(Dataset records)
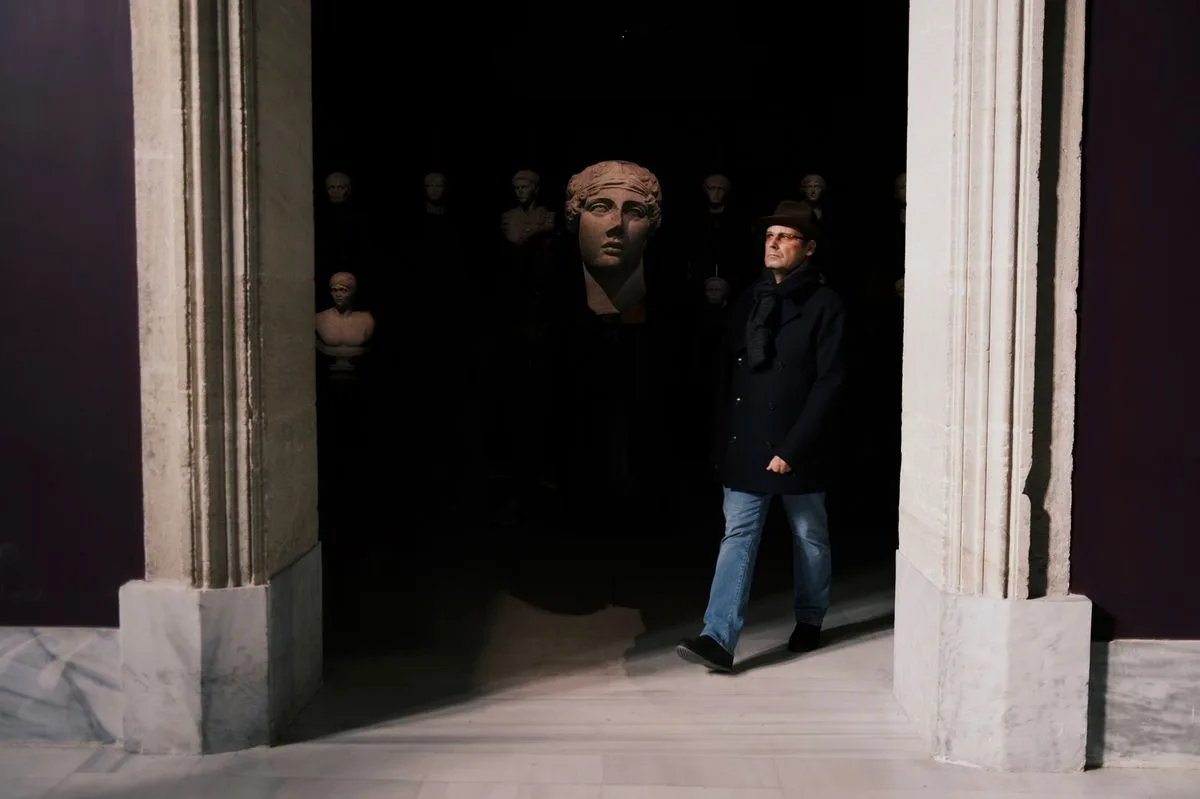 Visiteurs déambulant dans les salles d'un musée aux décors travaillés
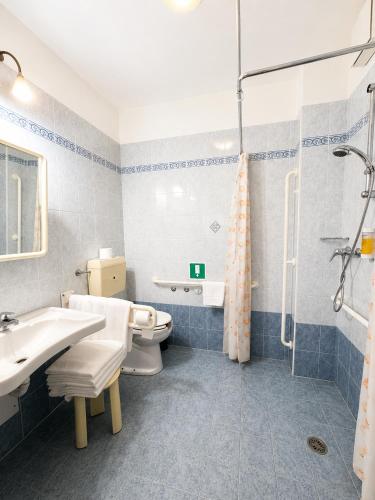 a bathroom with a sink and a toilet and a shower at Hotel Parigi 2 & Spa in Dalmine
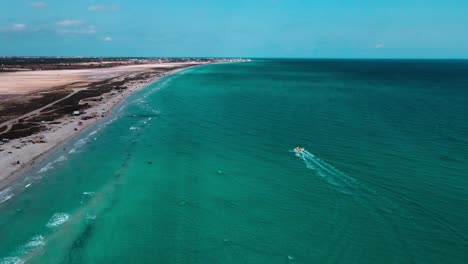 aerial view of a beautiful beach and ocean with a boat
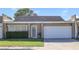 Charming single-story home with an attached garage and well-maintained landscaping in a quiet neighborhood at 3553 Kensbrook St, Las Vegas, NV 89121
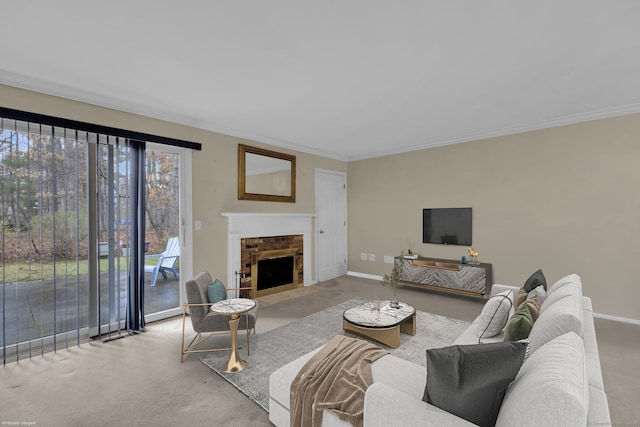 carpeted living room featuring a fireplace with flush hearth, baseboards, and ornamental molding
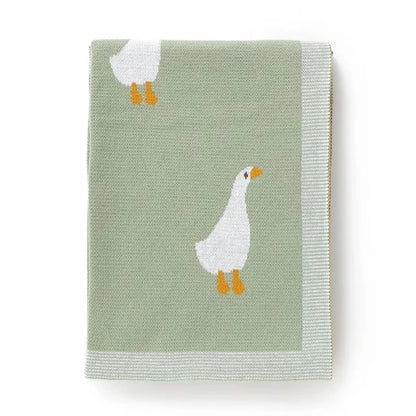 GESTRICKTE DECKE MIT GÄNSEMOTIV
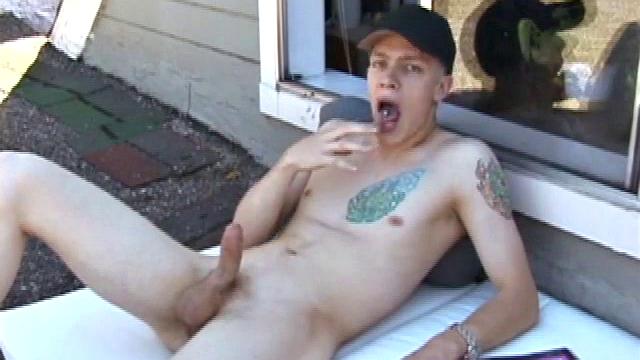 We find Shane enjoying a beautiful day, oblivious to the sounds of traffic on the streets below. Soon he unbuckles and unzips, letting his eager boner poke out.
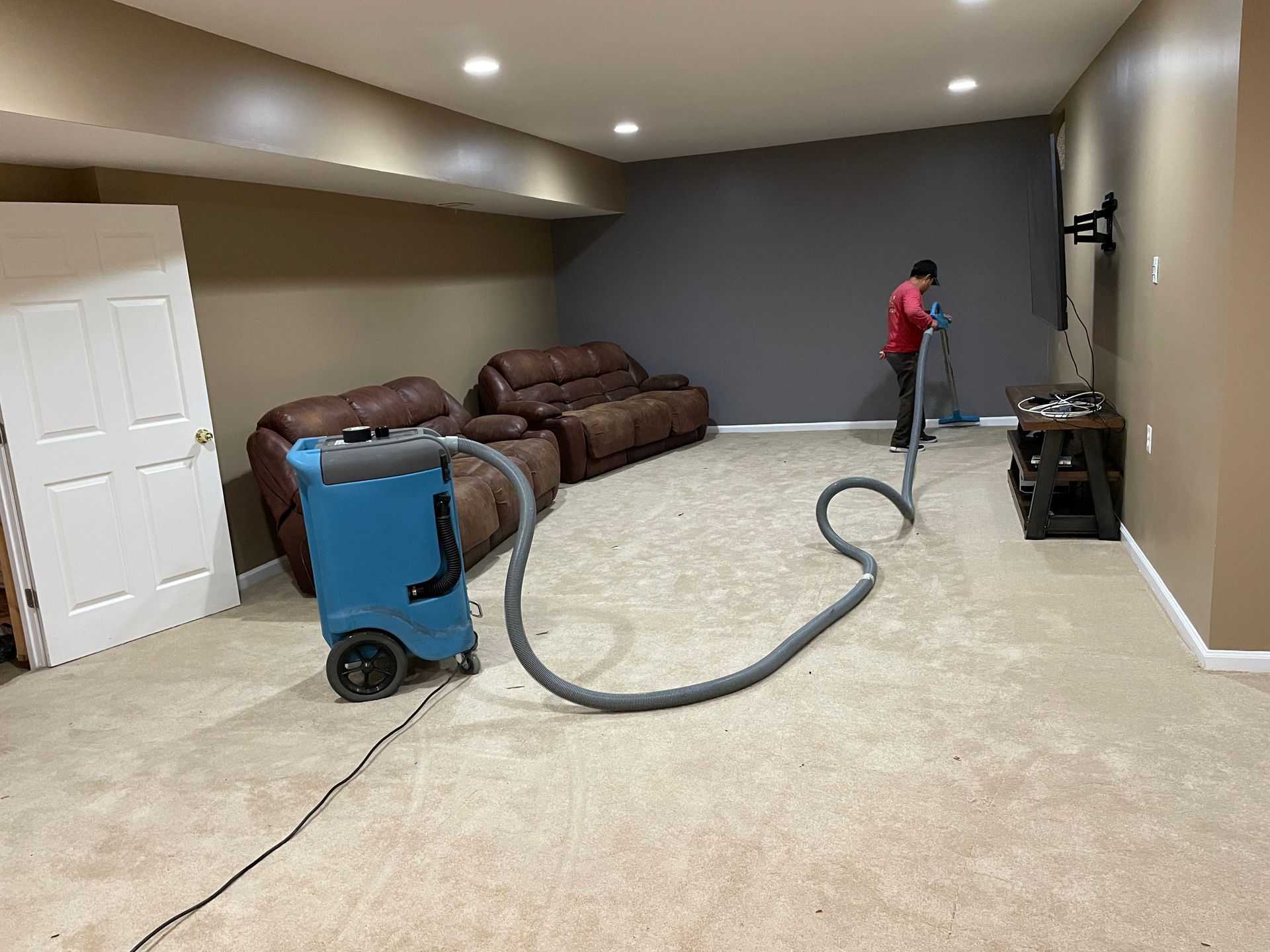 A man is cleaning a basement carpet with a vacuum cleaner.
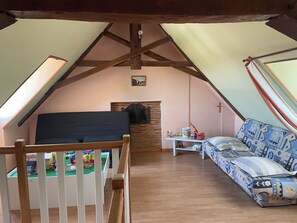Ein Schlafzimmer im Mansardenstil mit schrägem Dach, Holzbalken, einem Bett, einer Couch, einem kleinen Tisch und einem Regal mit Spielzeug.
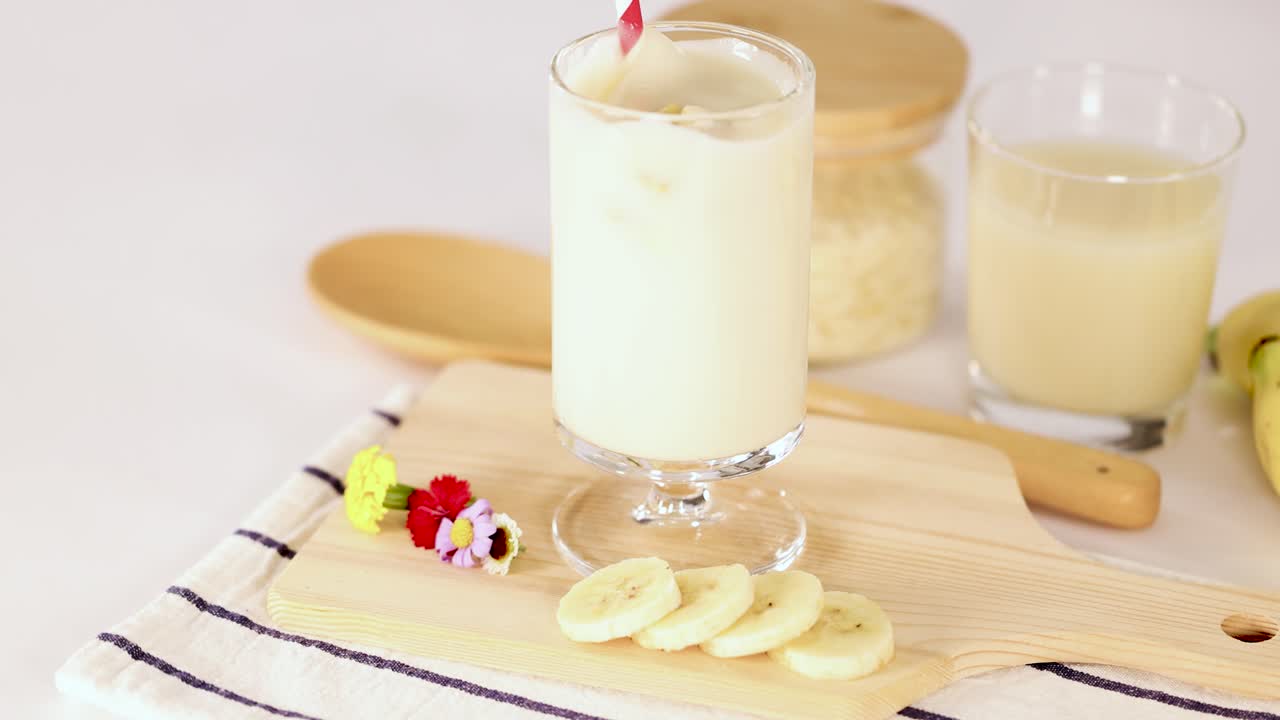 Hand stirs banana milkshake in glass, bright kitchen lighting, close-up, fresh fruit garnish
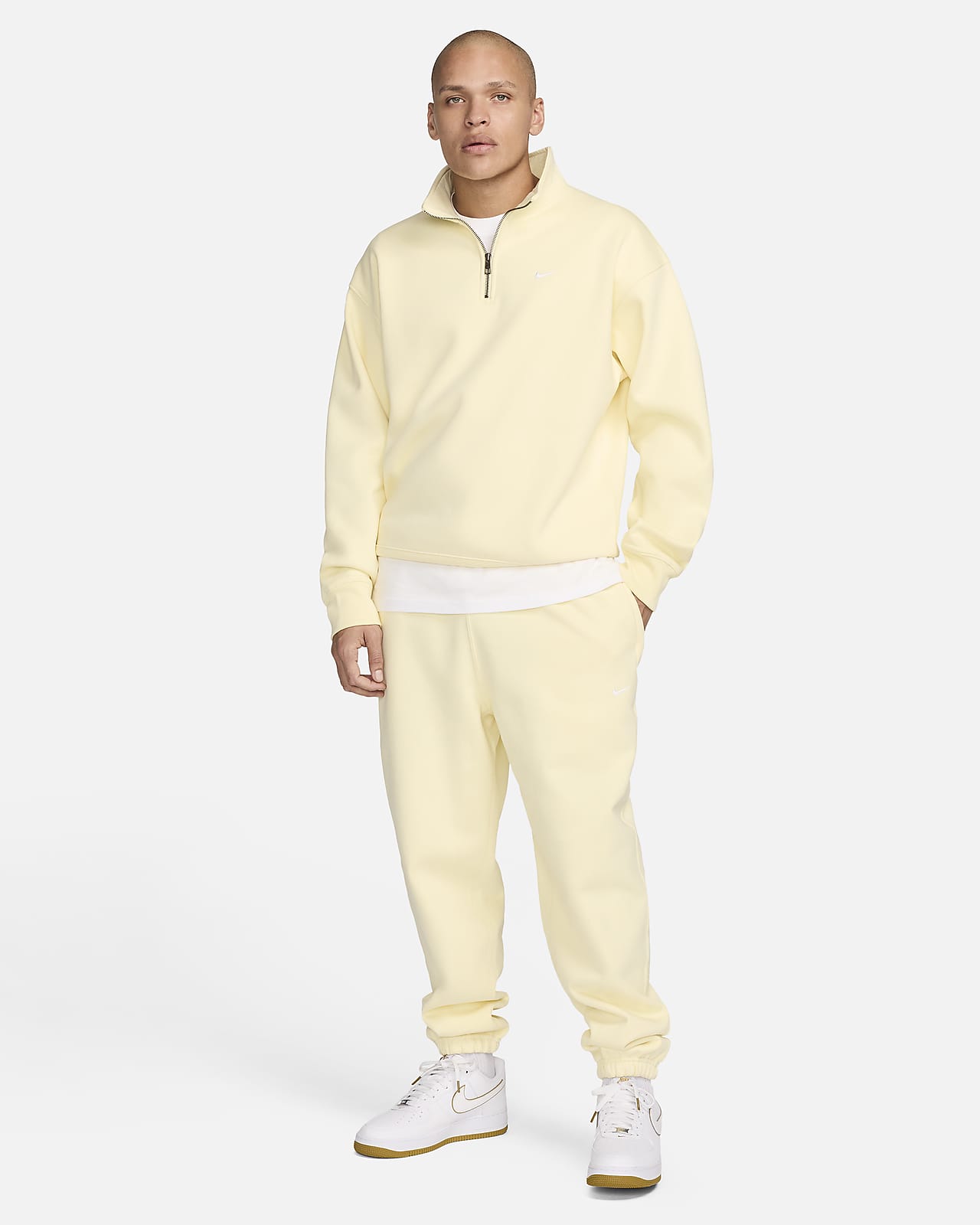 White Solo Swoosh Lounge Pants by Nike on Sale
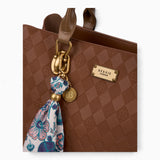 Tan monogram tote bag, close-up of the printed scarf and gold-tone charm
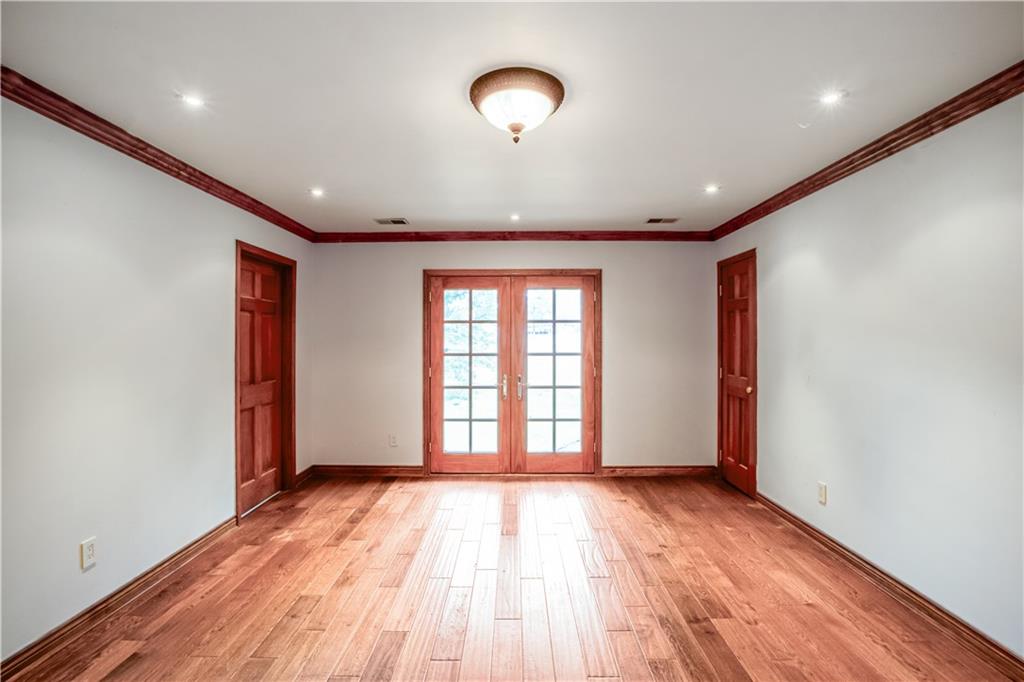 2177 Brooks Road Southeast Dacula, GA 30019 - Photo 17 of 42 an empty room with wooden floor and windows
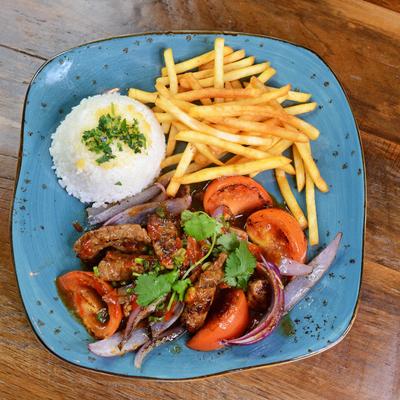 A plate of steak strips with tomatoes, onions, rice, and fries.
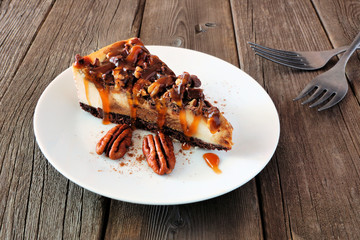 Slice of pecan caramel cheesecake with a rustic wood background. Delicious autumn dessert.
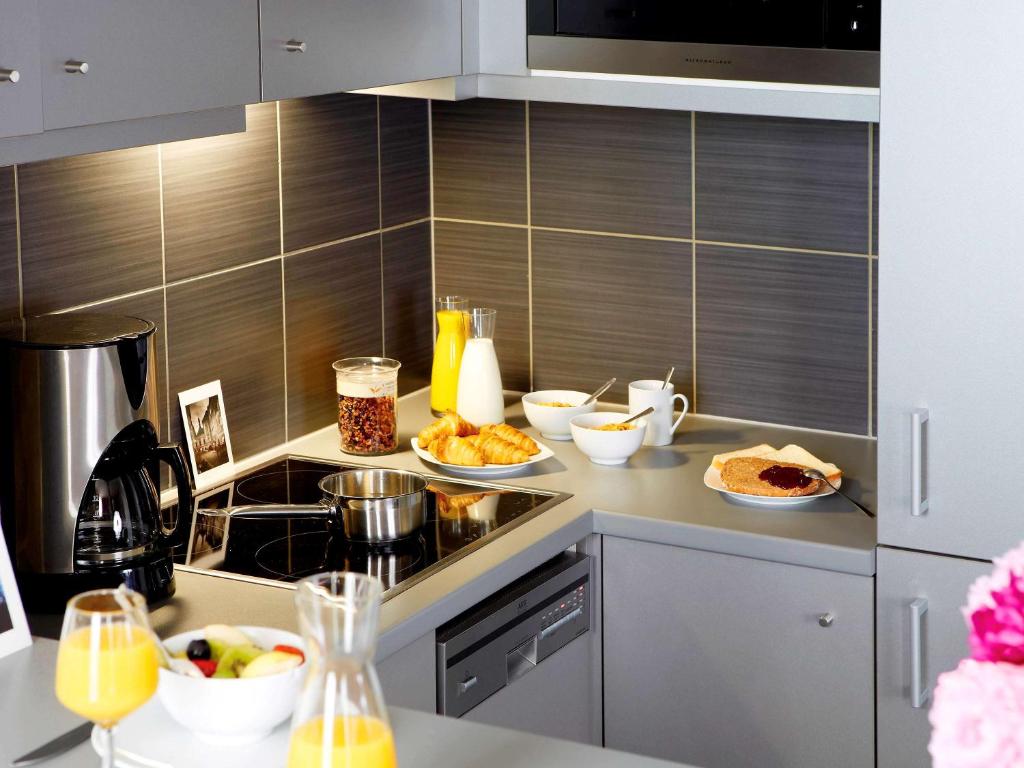 Kuchyň nebo kuchyňský kout v ubytování Aparthotel Adagio Vienna City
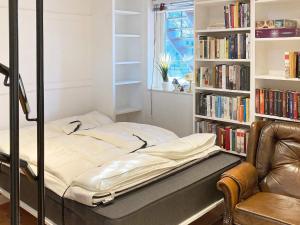 a bed in a room with a book shelf at 6 person holiday home in Åhus-By Traum in Åhus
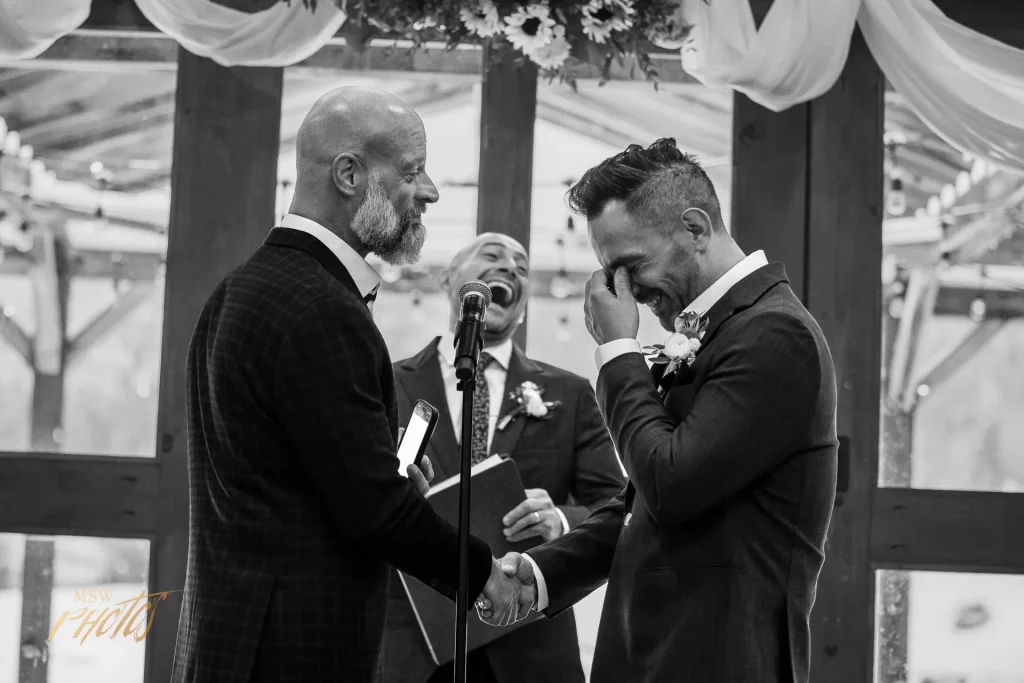Two grooms and their officiant laugh during their colorado wedding ceremony.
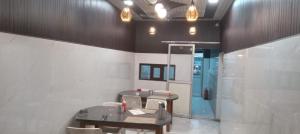 a room with a table and chairs and a blue door at Astha Restorent & Geust House in Aonla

YOUR INSTRUCTIONS: In the data above, find the line containing "We find Shane", then output it and every later line exactly, without the pictures.

SOLUTION FOR THIS PROBLEM:
 We find Shane enjoying a beautiful day, oblivious to the sounds of traffic on the streets below. Soon he unbuckles and unzips, letting his eager boner poke out.
 A man is cleaning a basement carpet with a vacuum cleaner.
Ein Schlafzimmer im Mansardenstil mit schrägem Dach, Holzbalken, einem Bett, einer Couch, einem kleinen Tisch und einem Regal mit Spielzeug.
 Hand stirs banana milkshake in glass, bright kitchen lighting, close-up, fresh fruit garnish
 White Solo Swoosh Lounge Pants by Nike on Sale
 Tan monogram tote bag, close-up of the printed scarf and gold-tone charm
 2177 Brooks Road Southeast Dacula, GA 30019 - Photo 17 of 42 an empty room with wooden floor and windows
 A plate of steak strips with tomatoes, onions, rice, and fries.
 Slice of pecan caramel cheesecake with a rustic wood background. Delicious autumn dessert.
 Kuchyň nebo kuchyňský kout v ubytování Aparthotel Adagio Vienna City
 a bed in a room with a book shelf at 6 person holiday home in Åhus-By Traum in Åhus
Two grooms and their officiant laugh during their colorado wedding ceremony.
 a room with a table and chairs and a blue door at Astha Restorent & Geust House in Aonla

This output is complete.